ASIC alleged that the board of directors of James Hardie had contravened their duties under s.180 of the Corporations Act 2001 (Cth) ("Act") by approving, at a meeting held in February 2001, an announcement to the Australian Stock Exchange ("ASX announcement") to the effect that an asbestos compensation fund set up by James Hardie was "fully funded" to compensate asbestos victims. This statement was repeated in a series of press releases issued by James Hardie in 2001. The compensation fund was subsequently discovered to be significantly under funded.

ASIC also alleged that James Hardie's chief executive, and other executive officers, had contravened their duties by failing to advise the board of directors of matters relevant to the veracity of the statements regarding the adequacy of the compensation fund.

The decision

Gzell J found the ASX announcement and subsequent press releases to be misleading, and held that each of the directors had breached their duties by giving approval. This was despite the fact that the directors gave evidence that the ASX announcement was not tabled at the February 2001 meeting. In finding the directors to be "mistaken" in this regard, Gzell J took into account evidence of the usual practice of the directors at meetings of the James Hardie board.

Gzell J rejected arguments that the directors were entitled to rely on recommendations made to them by James Hardie executives, and the expert reports provided to them. In doing so, His Honour emphasised that the ASX announcement was a key statement in relation to a highly significant restructure of the James Hardie Group. His Honour found that each director, knew, or ought to have known, that the statements regarding the adequacy of funding were misleading, and likely to lead to a market reaction regarding James Hardie's listed securities. The fact that the directors had previously received information regarding the difficulty in predicting the level of asbestos claims was a significant factor.

The chief executive and other executives were found to have committed additional breaches by failing to advise the directors that the ASX announcement was too broadly stated and of the limitations in the financial modelling that had been undertaken to assess the level of funding.

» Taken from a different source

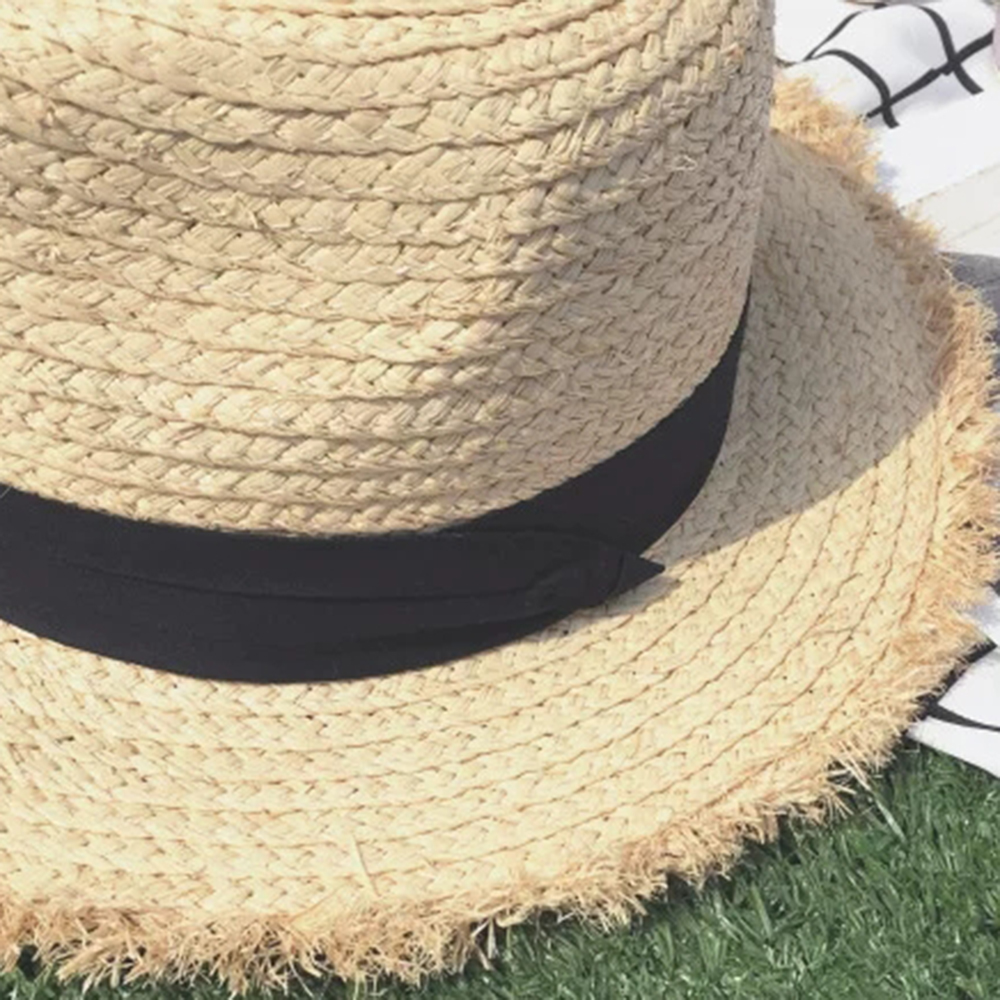 new Wide Brim Raffia Sun Hat f – Hat Floppy Wide Bewertung und Preis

The penalties to be imposed on the James Hardie directors and executives will be considered at a later hearing, at which time they will also be able to argue whether they should be excused under the exoneration provisions in the Act. ASIC is seeking fines against the directors and executives of up to $200,000 each, and disqualification from managing publicly listed companies.

Implications

The case provides important guidelines on the scope and content of the duties of company executives and directors. Whilst directors are permitted to delegate to others the day to day management of the company, they are expected to take a diligent and intelligent interest in information presented to them relating to strategic company decisions and the disclosure of market sensitive information. Directors are expected to exercise independent judgment in considering those matters, and are not entitled to rely solely on the recommendations made by company executives or other officers of the company. The decision also provides guidelines on the information to be provided by company executives when taking important matters to the board of directors for approval.